Il tempo si fermò, alle 14.42 di quel pomeriggio, portando con sé 47 persone che non avrebbero più fatto ritorno a casa a fine turno. I feriti furono centinaia. E la memoria, anche allora, tornò forse all’altro, grave incidente che si era verificato nel settembre del 1928, quando 13 operai persero la vita a quella stessa catena di montaggio e tre persone subirono le conseguenze di uno scoppio che ammoniva non solo alla pericolosità del materiale usato per il caricamento dei proiettili, ma anche alla labilità della sicurezza per chi doveva maneggiarlo.

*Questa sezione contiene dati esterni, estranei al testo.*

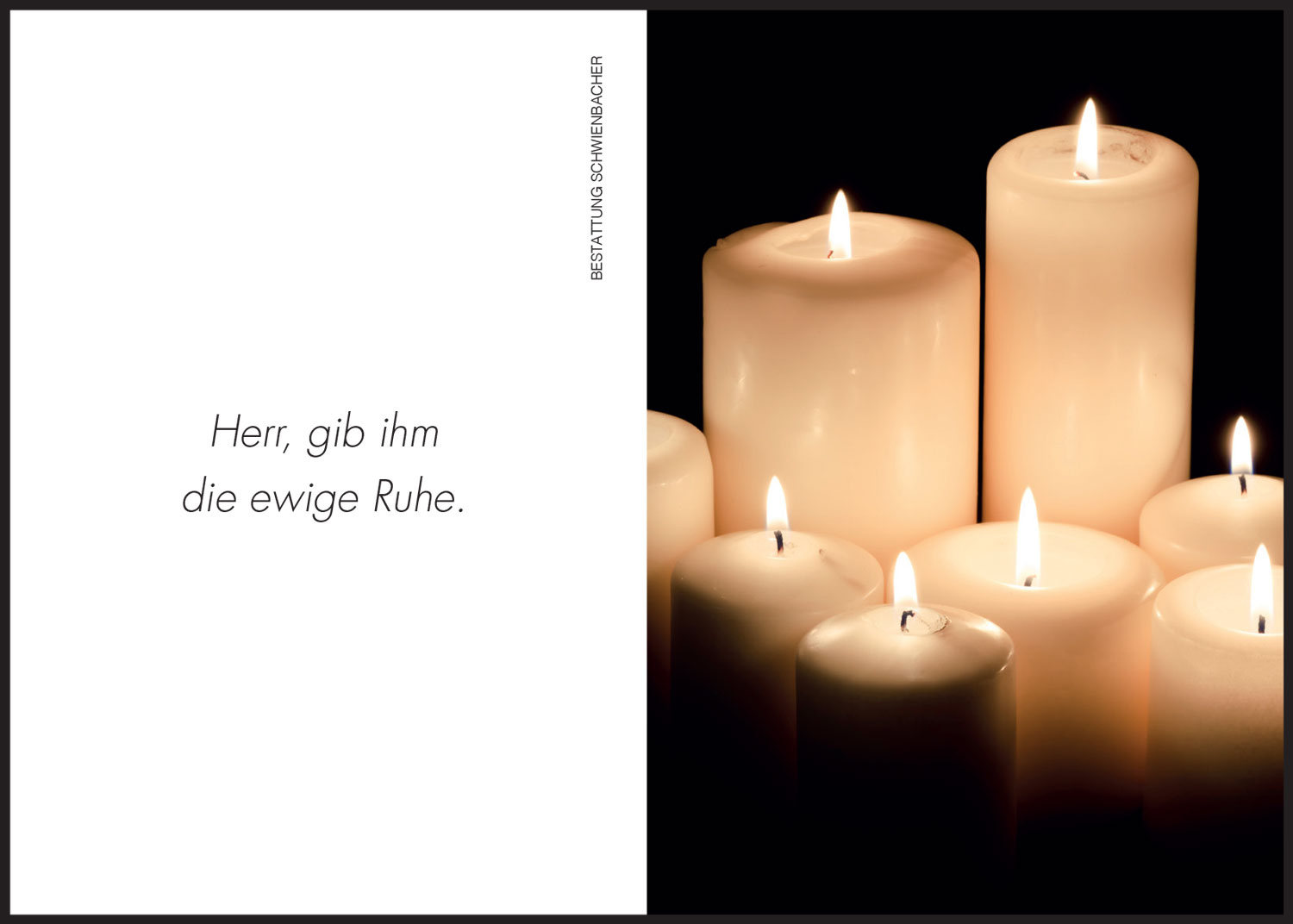 Sterbebild: Joachim Mair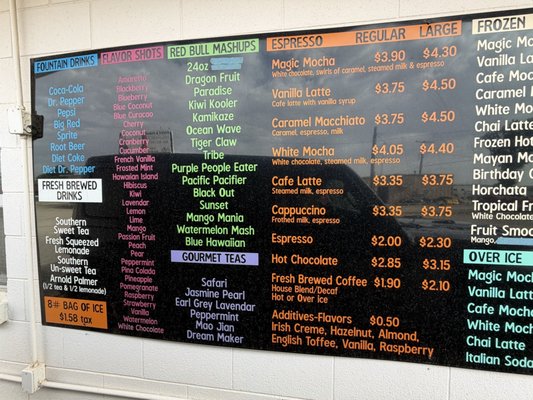 Menu photo 2 The 509 Drink Shop Seminole, TX Menu photo 2 The 509 Drink Shop Seminole, TX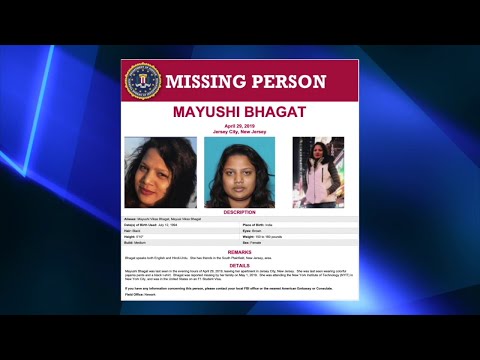 F. B. I. Offering $10,000.00 Reward To Locate A Missing NJ Woman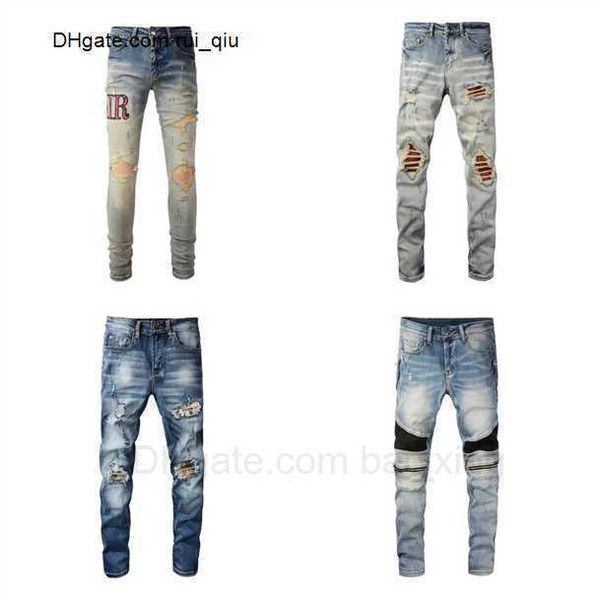 ripped black men jeans baggy designer pants for middle waist slim fit leopard patch long light blue printing cotton self-cultivation make
ripped black men jeans baggy designer pants for middle waist slim fit leopard patch long light blue printing cotton self-cultivation make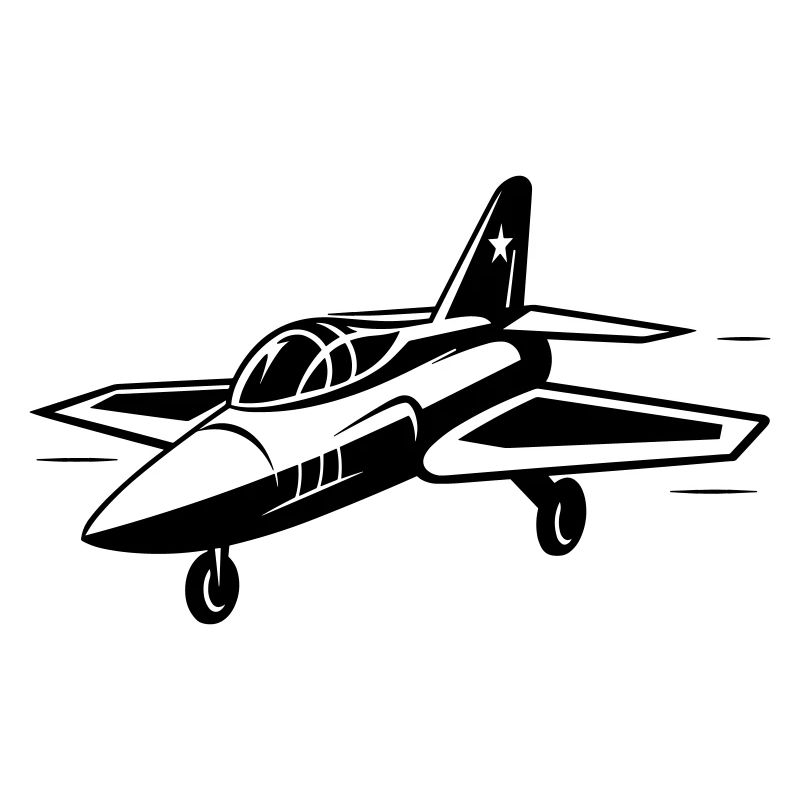 Fighter jet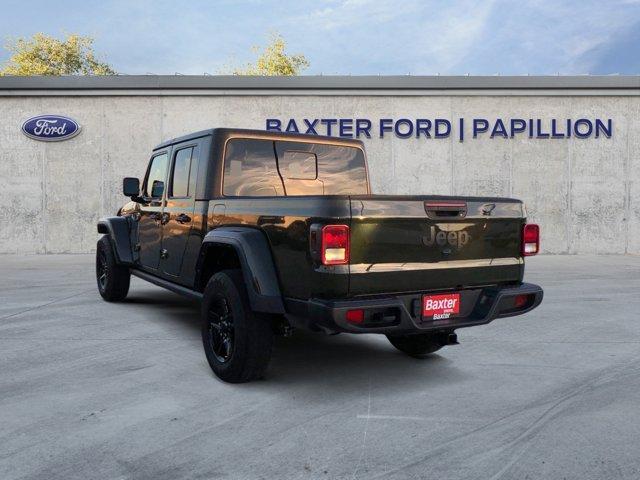 used 2021 Jeep Gladiator car, priced at $29,607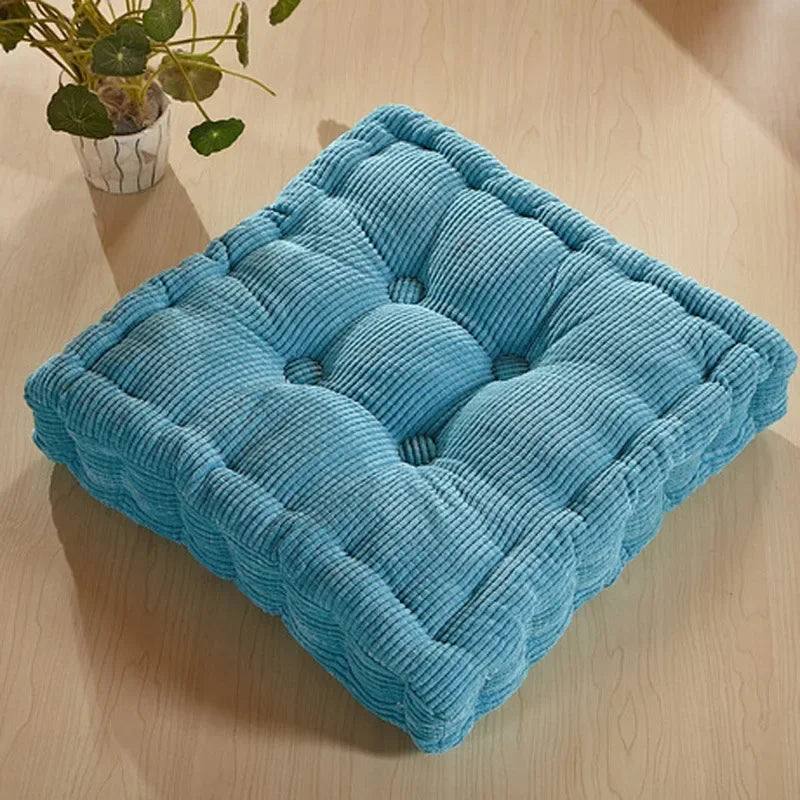 Velvet soft padding seat cushion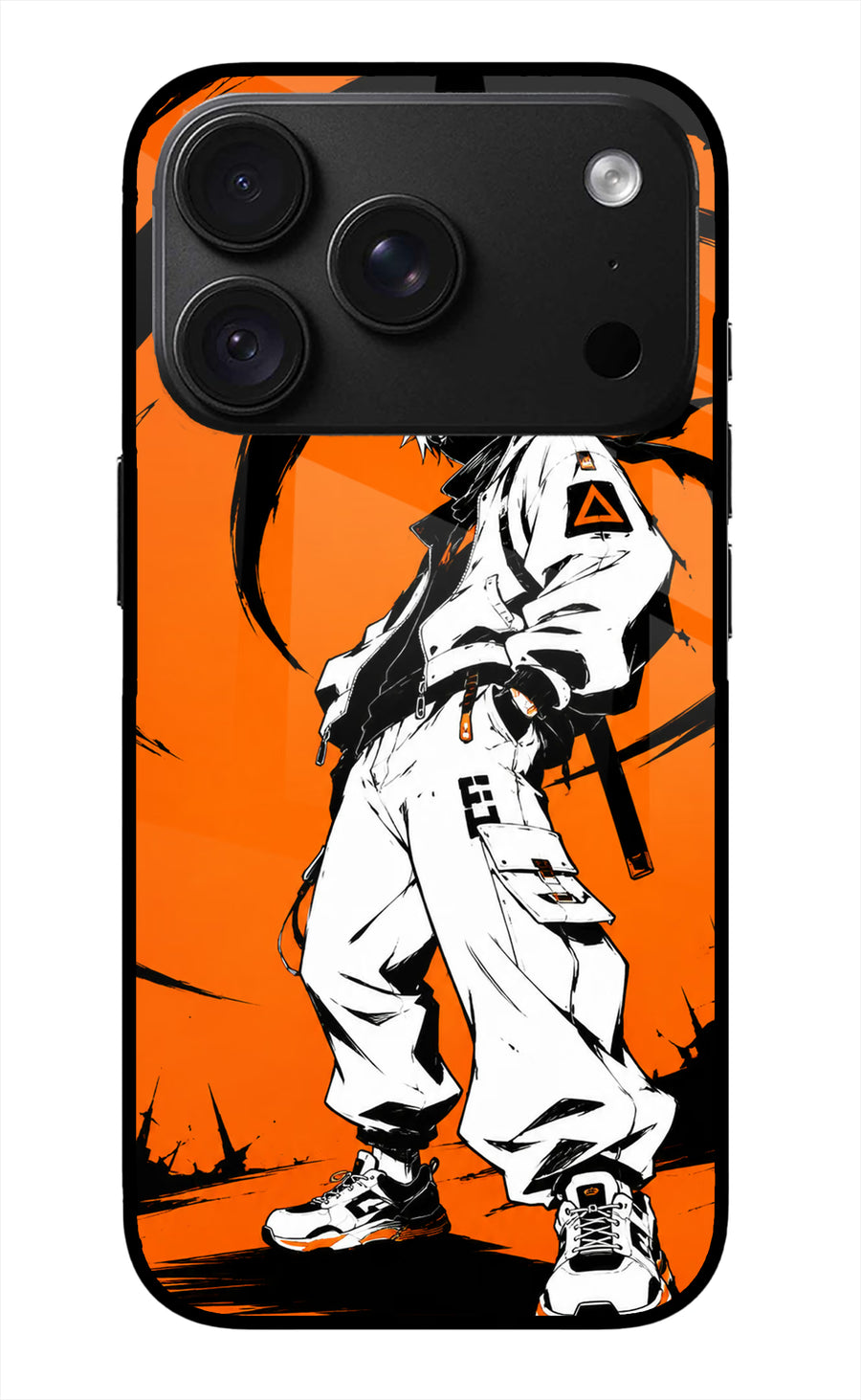 Street Samurai iPhone 18 Pro Max Back Cover, Metal case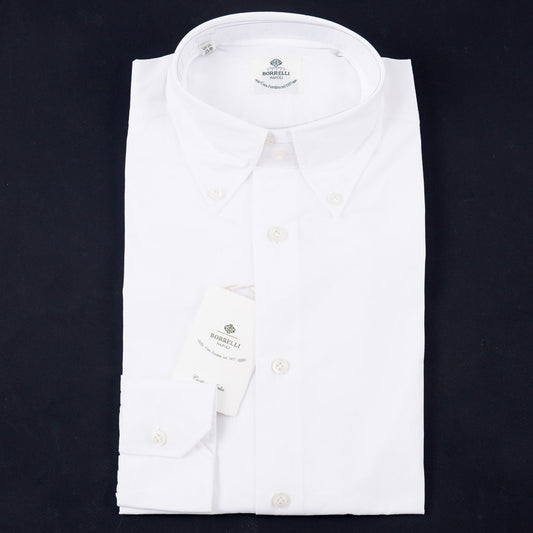 Luigi Borrelli Lightweight Cotton Dress Shirt - Top Shelf Apparel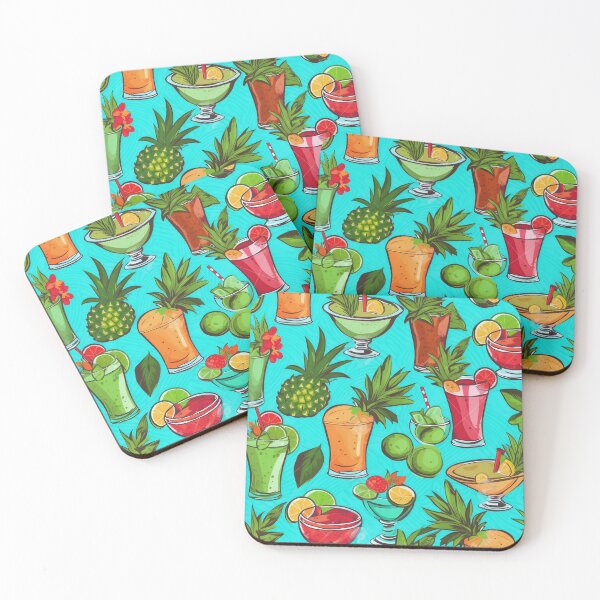 Item preview, Summer Tropical Drinks designed and sold by taoistviking.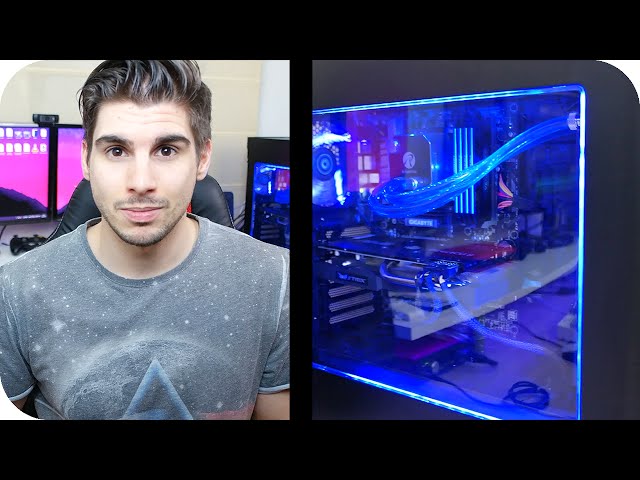 Vídeo relacionado con Ubanner Tira de luz LED flexible para PC, azul, iluminación de computadora con magnético para caja de computadora, kits de luces de 30 cm para interiores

Per questo, la Pertite rappresenta ancora oggi un emblema, il segno di un’attenzione e di un’esortazione all’impegno che il boato di quelle deflagrazioni non è riuscito ad annichilire. Nel rinnovare la vicinanza e l’abbraccio della comunità piacentina ai familiari delle vittime, nel partecipare al dolore mai sopito di chi in quella fabbrica lasciò i propri affetti e i punti di riferimento più importanti, volgiamo lo sguardo anche al presente per richiamare, con forza, la tutela dei diritti e l’osservanza delle normative a difesa della salute e dell’integrità dei lavoratori. Come possiamo definire avanzato e votato allo sviluppo un Paese in cui, come è avvenuto nel 2018, gli infortuni mortali registrano un aumento di oltre il 6% rispetto all’anno precedente e, su 15 mila aziende oggetto di controllo, i rapporti Inail hanno denunciato irregolarità per nove imprese su dieci?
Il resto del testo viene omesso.